不法行為(窃盗、傷害等)に基づく損害賠償債務を負う者は、被害者に債務の本旨に従った弁済行為をしたが、被害者がその受領を拒否しているなどの場合に供託をすることができます。その際、下記の事項に注意してください。
記
- 受領拒否による供託ができる例について
不法行為による損害賠償債務(民法第709条)に係る受領拒否については、例えば、以下の(1)又は(2)のような民法第494条の要件を満たしていない限り、供託を受理することはできません。- ○月○日、債務履行地において、被供託者に現実に提供したが受領を拒否された。

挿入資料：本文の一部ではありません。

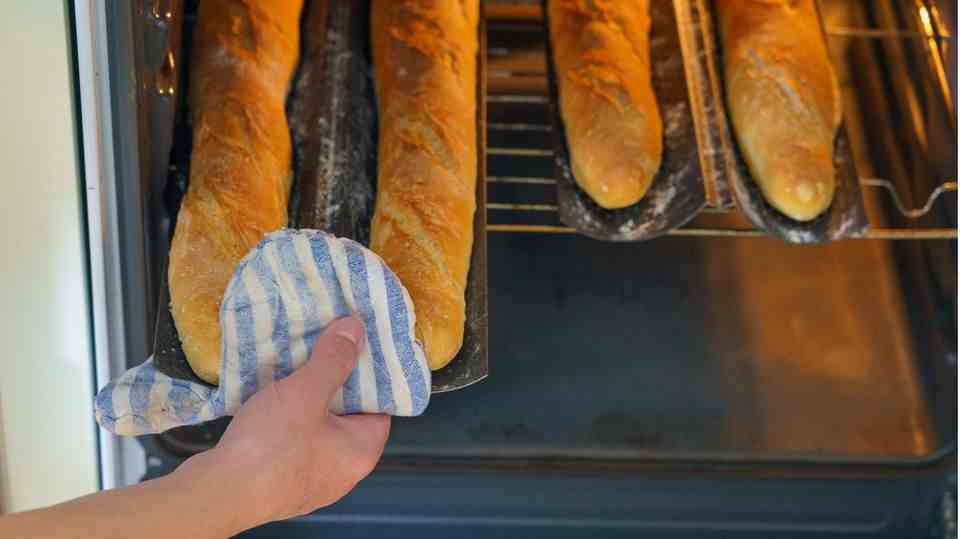 French baguettes on a baking sheet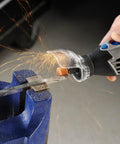 Zero Mess Spark Shield And Accessory Bundle For Rotary Tools Slick Spring Guard deflects sparks during rotary cutting in a vice.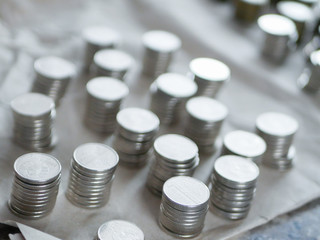 Silver coins close up. Counting savings. Tax rate. Production costs. Distribution of finance. Laid out by a column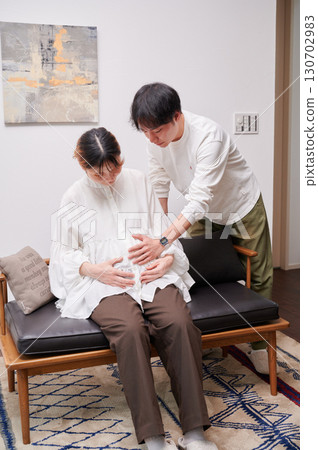 Couple facing each other, pregnant woman, maternity 130702983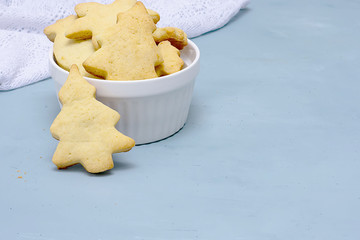 Christmas homemade cookies in the form of trees in a white plate. Holiday concept, christmas, house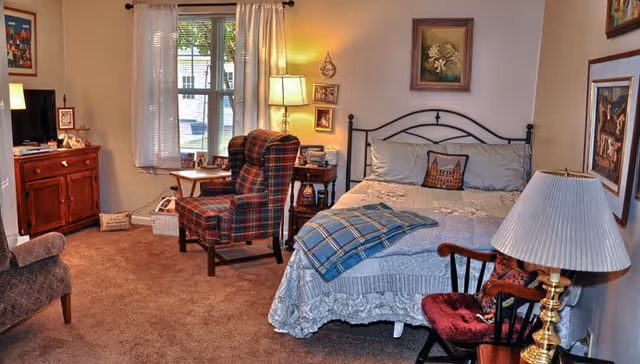 A cozy bedroom in a memory care facility featuring a bed with a decorative pillow and a blue plaid blanket, a plaid armchair next to a window with white curtains, a wooden nightstand with a lamp and framed photos, a wooden dresser with a TV, and various framed pictures on the walls.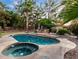 Inviting backyard pool and spa features a stone patio and lush landscaping, perfect for outdoor entertaining at 1201 E Le Marche Ave, Phoenix, AZ 85022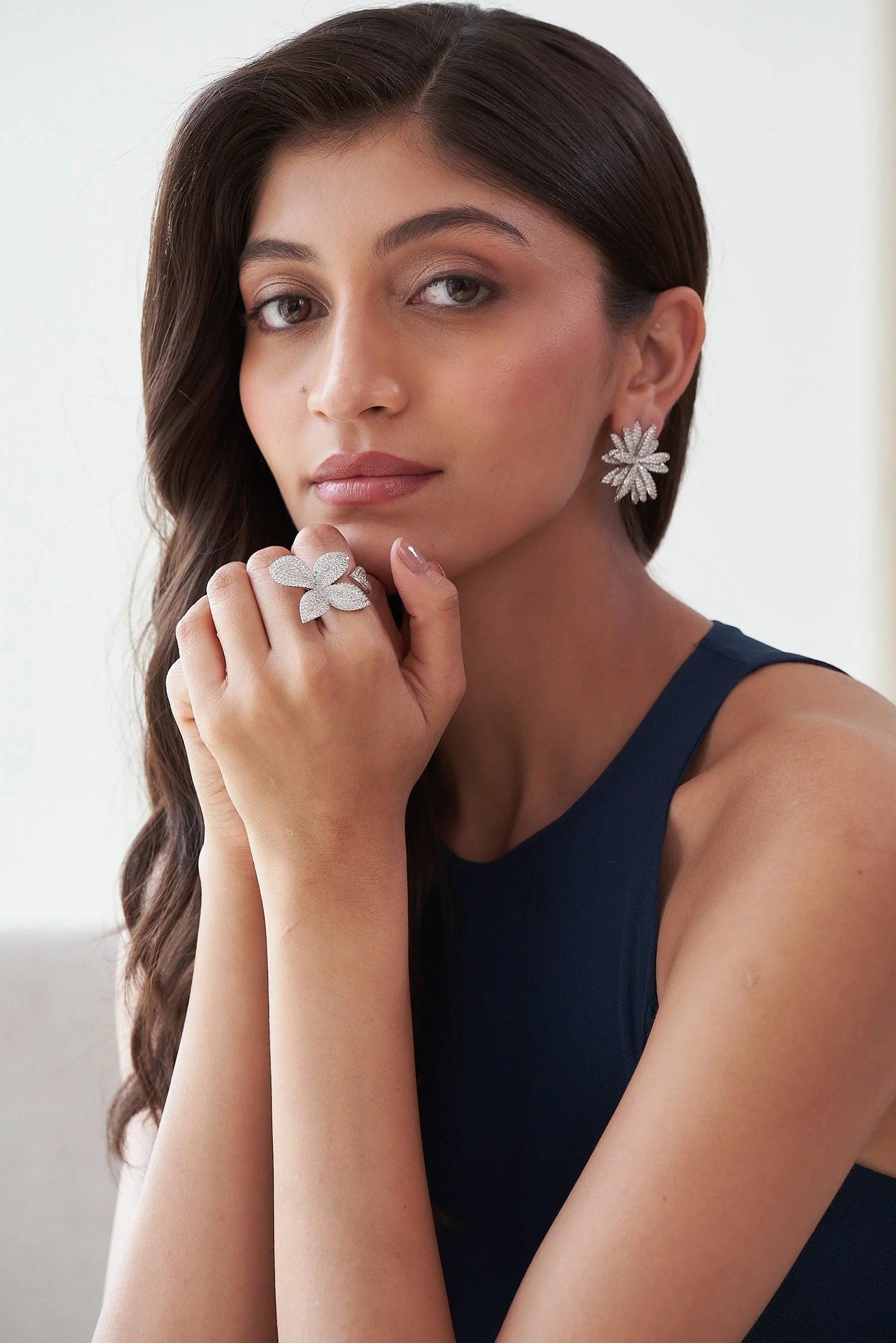 Luxury diamond ring shaped like a four-petal flower, encrusted with small stones and styled in a soft beauty shot.
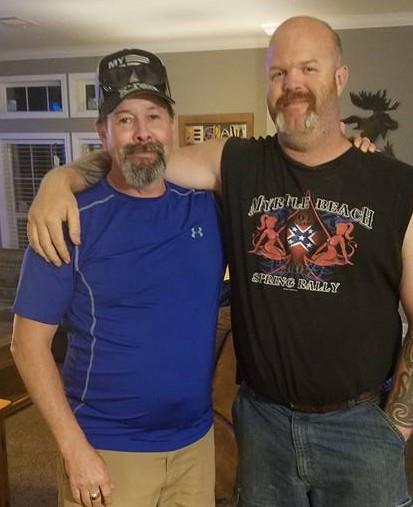 Two men posing for a picture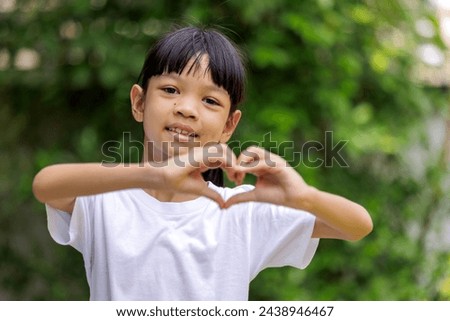 Portrait of a cute Asian girl. Wear a white t-shirt and standing with their hands together in the shape of a heart in different poses. She smiles brightly and naturally. Shady green garden background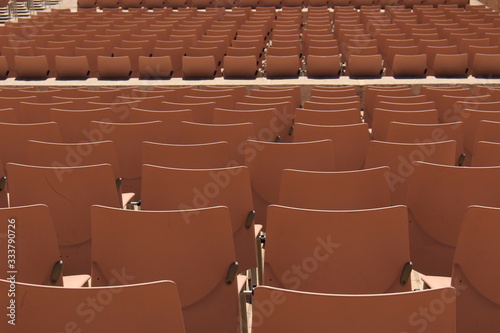 Empty light brown seats at an outdoor festival.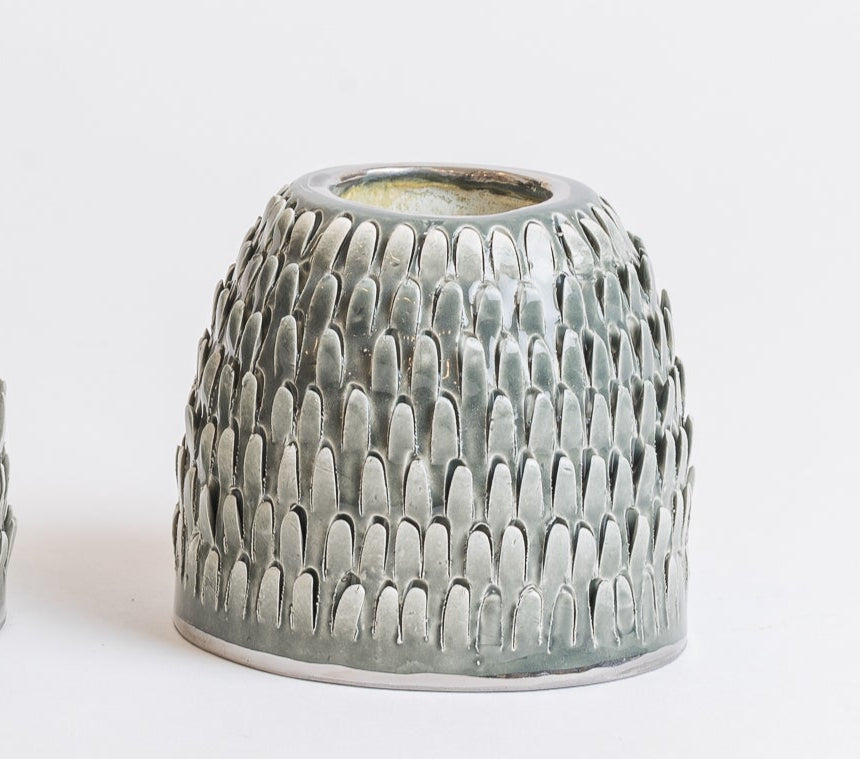 green spiked candlesticks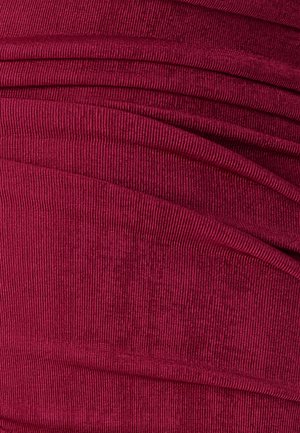 Burgunderfarbener gerippter Stoff mit einer weichen Textur, der ein gerafftes Design aufweist, das wellenförmige Linien über die Oberfläche erzeugt.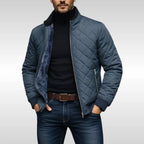 Front view of the steel-blue quilted jacket worn open, showing the stand collar and zip-up chest pocket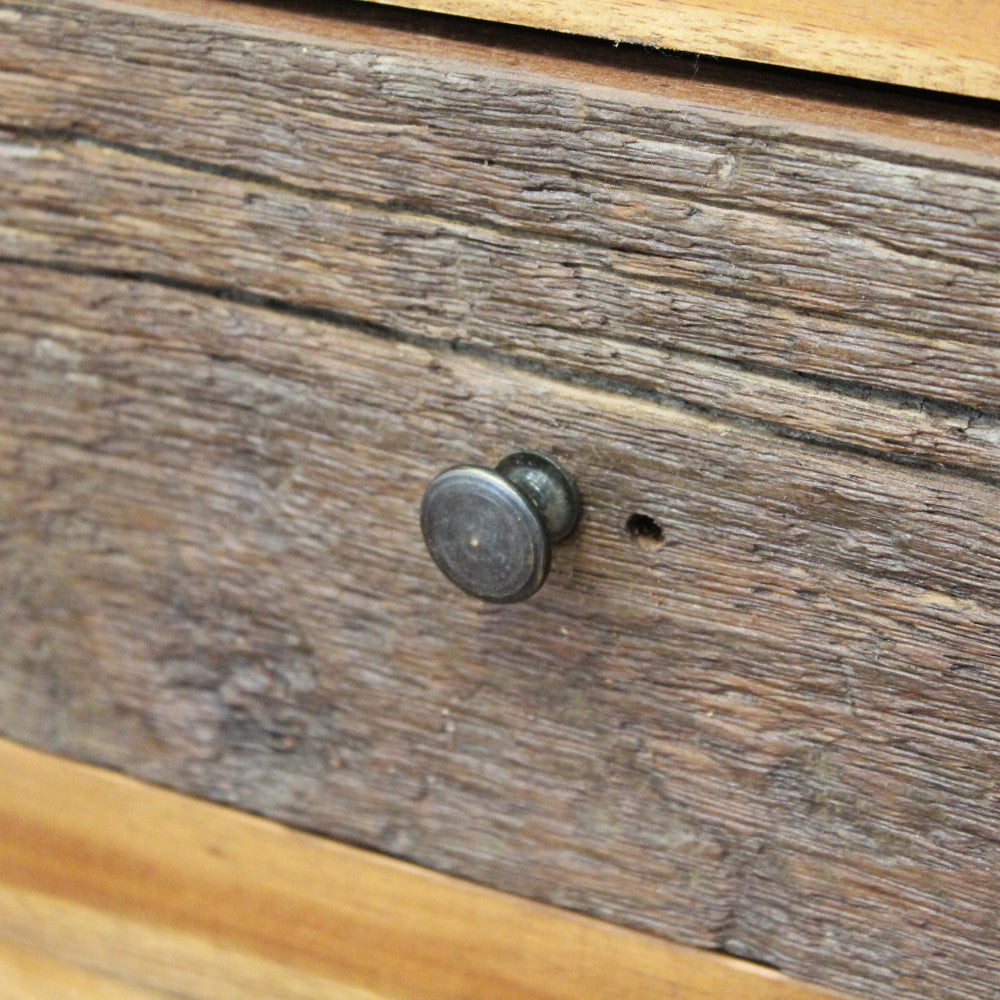Dettaglio del pomello in metallo scuro sul cassetto in legno grezzo di recupero.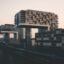 modern quirky looking buildings shaped like the letter 'L' by body of water in Cologne, Germany. Discover this hidden gem as fast as possible by taking a Cologne Airport taxi to the city center.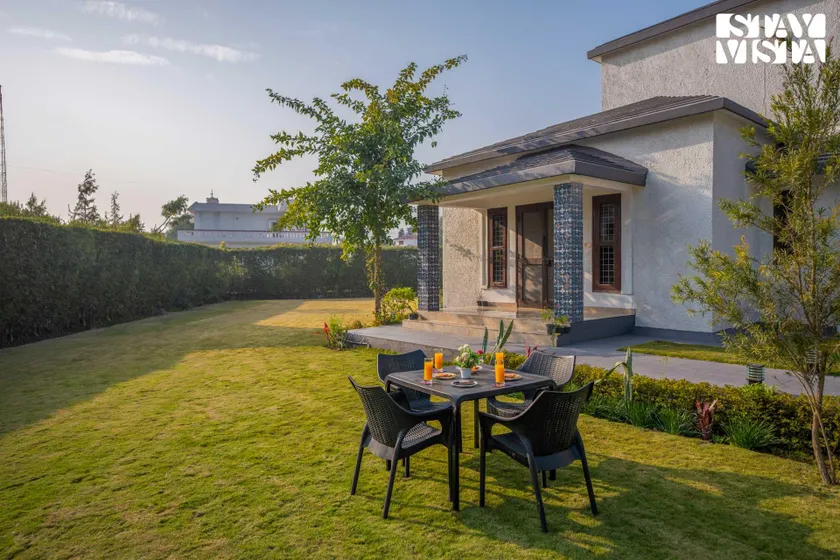 StayVista at Olive fields with Shared pool, BBQ - Image 1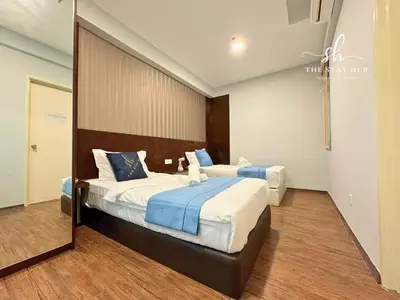 a bedroom with two beds and a large mirror at Seaview Maritime Suites, Penang George Town, Karpal Singh Drive-Free Parking by The Stay Hub in George Town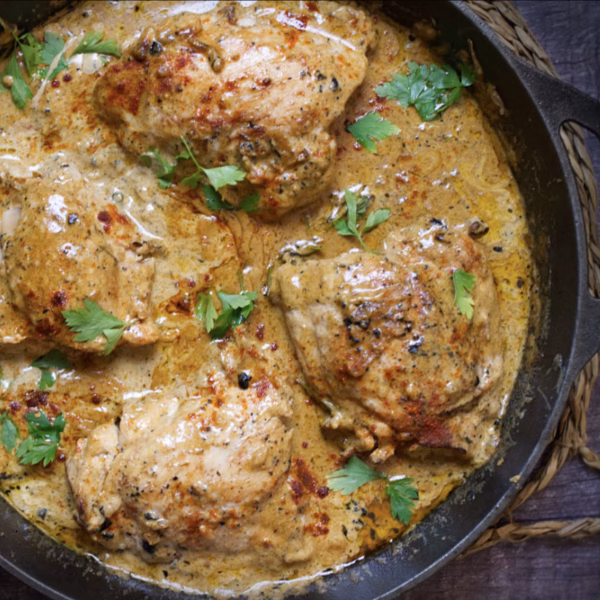 Four cooked chicken thighs in a skillet with creamy sauce and parsley flakes.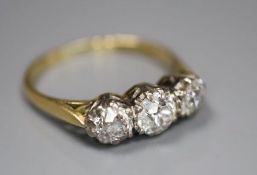 An 18ct and plat set three stone diamond ring, size M/N, gross 2.8 grams, the largest approx. 5mm in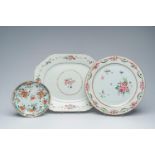 A Chinese famille verte plate and two famille rose chargers with floral design, Kangxi/Qianlong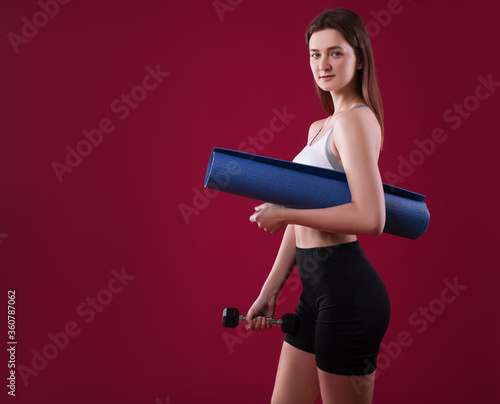 Sporty woman trainer in silhouette on a raspberry background. Photo of an attractive woman in fashionable sportswear. Girl with dumbbell and rug. Front view. Sport and healthy lifestyle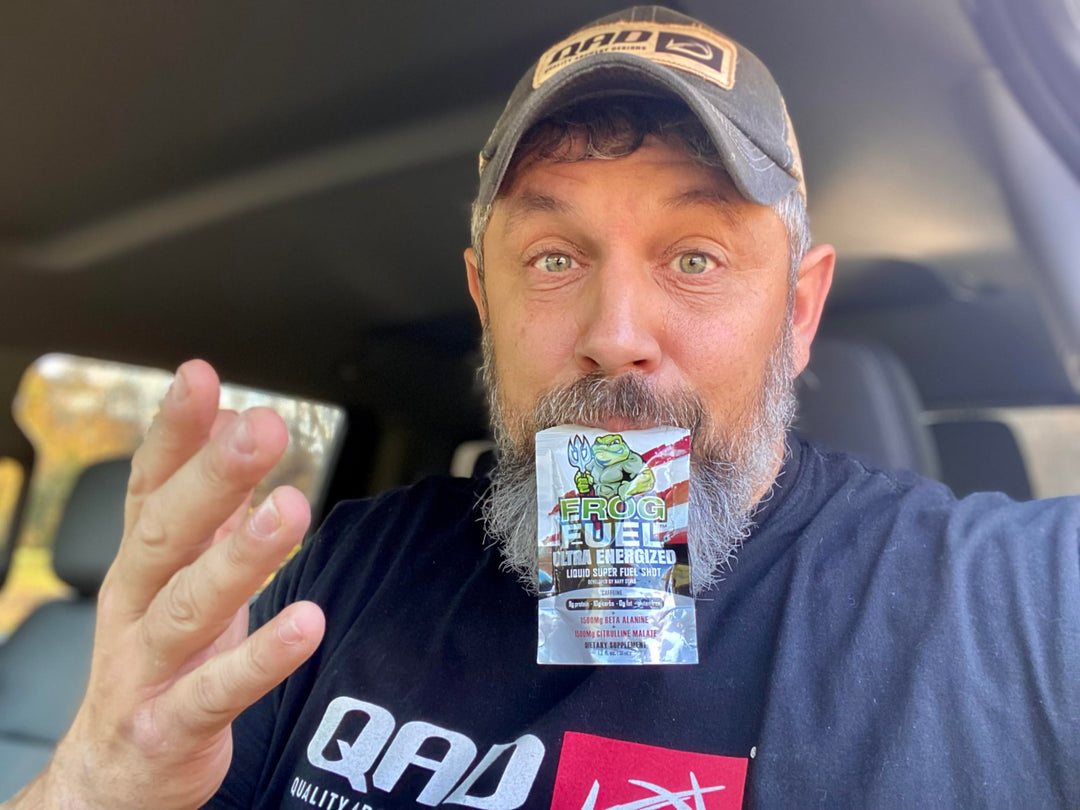 Rugged hunter is holding a packet of Frog Fuel liquid collagen, which helps prevent knee pain from walking too much, in his mouth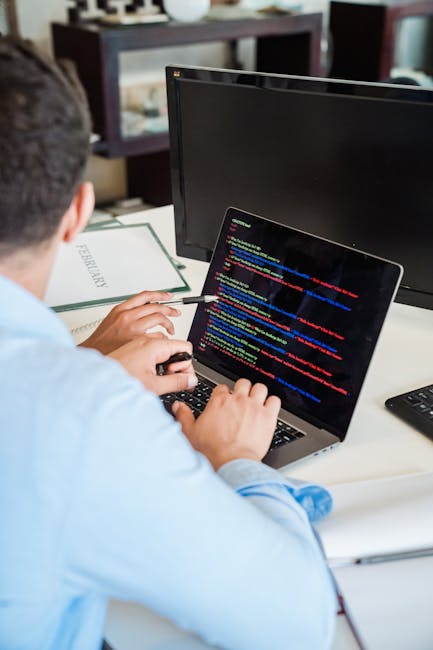 A person wearing a light blue shirt is seated at a desk, working on a laptop with a black screen displaying colorful lines of computer code. The individual's right hand is holding a mouse while their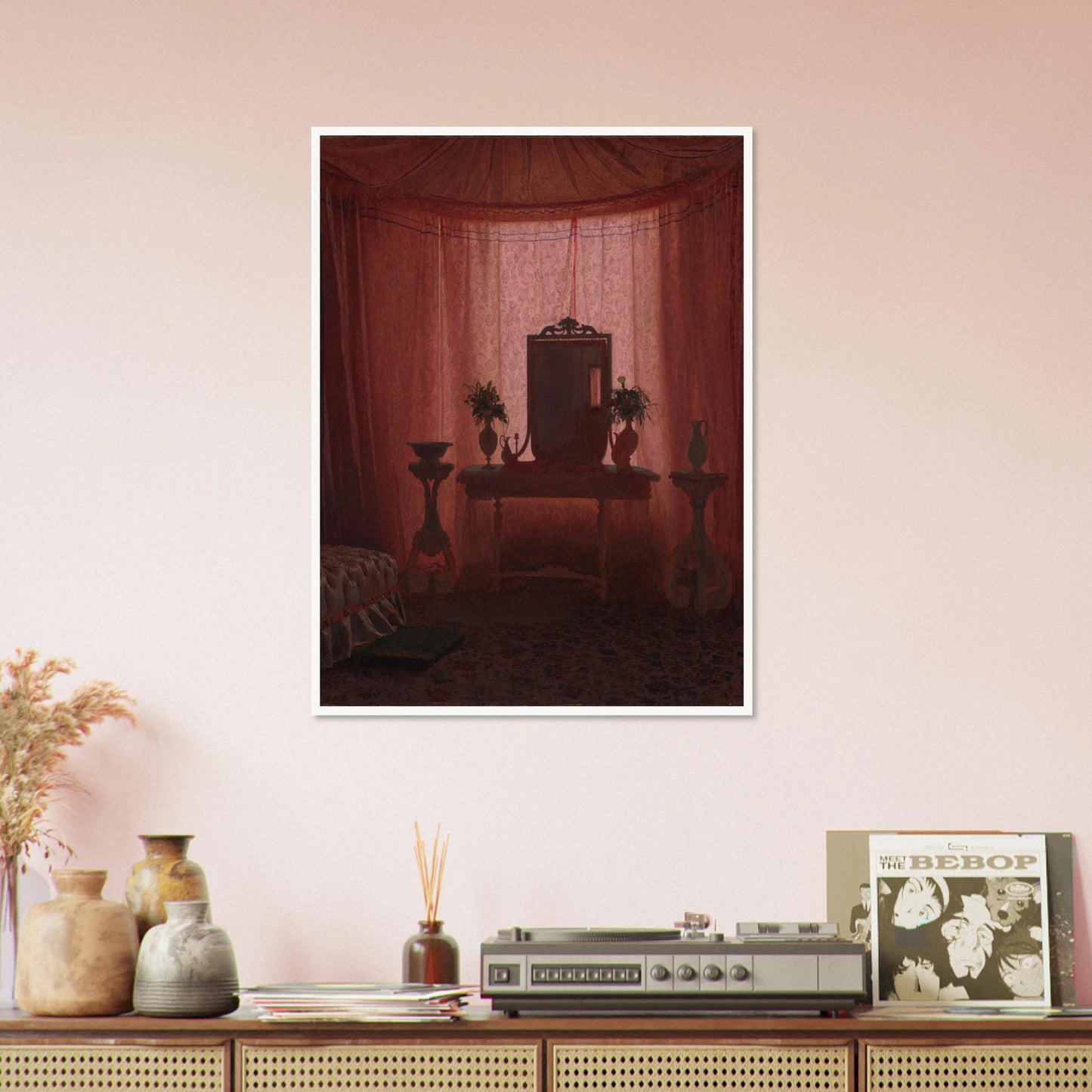 A softly lit bedroom glows through pink drapery, framing a mirror, flower vases, elegant furniture, and part of a bed.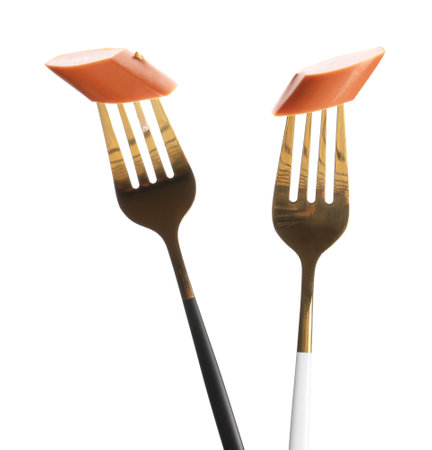 Forks with pieces of tasty sausage isolated on white backgroundの写真素材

- 被供託者があらかじめその受領を拒否しているため、○月○日口頭の提供をしたが受領を拒否された。
- 賠償額について
損害賠償債務の一部についての弁済は、債務の本旨に従った弁済には当たらないため、その提供は、全額である必要があります。
なお、供託者は、その相当と考える損害賠償額を提供して供託することができます。ただし、これは飽くまでも供託受理の要件としてであり、実体上の適否は判断できません。
- 遅延損害金について
不法行為に基づく損害賠償債務については、不法行為日から遅延損害金が発生すると解されており(大判明43.10.22民録16-719)、元本額のみの提供は債務の本旨に従った弁済に当たらないため、供託をすることはできません。
したがって、上記1(1)又は(2)の提供時には、賠償額全額(元本)に不法行為日(初日参入)から提供日までの遅延損害金を付す必要があります。このとき、供託により消滅させる債権を特定するため、損害賠償額と遅延損害金は区分して明記してください。
参考 遅延損害金計算ソフトウェアのダウンロードについて(法務省ホームページへリンク) - 被供託者の住所について
不法行為に基づく損害賠償債務は、原則として被供託者の住所地が債務履行地になります(民法第484条)。一方で、供託は債務の履行地の供託所にしなければなりません(民法第495条第1項)。したがって、被供託者の住所が不明である場合は、供託を受理することができません。
- 取戻請求権の放棄について
取戻請求権を放棄する場合は、備考欄に「取戻請求権を放棄する」と記載してください。
- 供託書記載例
上記を踏まえて、供託所等の記載例(法務省ホームページへリンク)を参考に記載してください。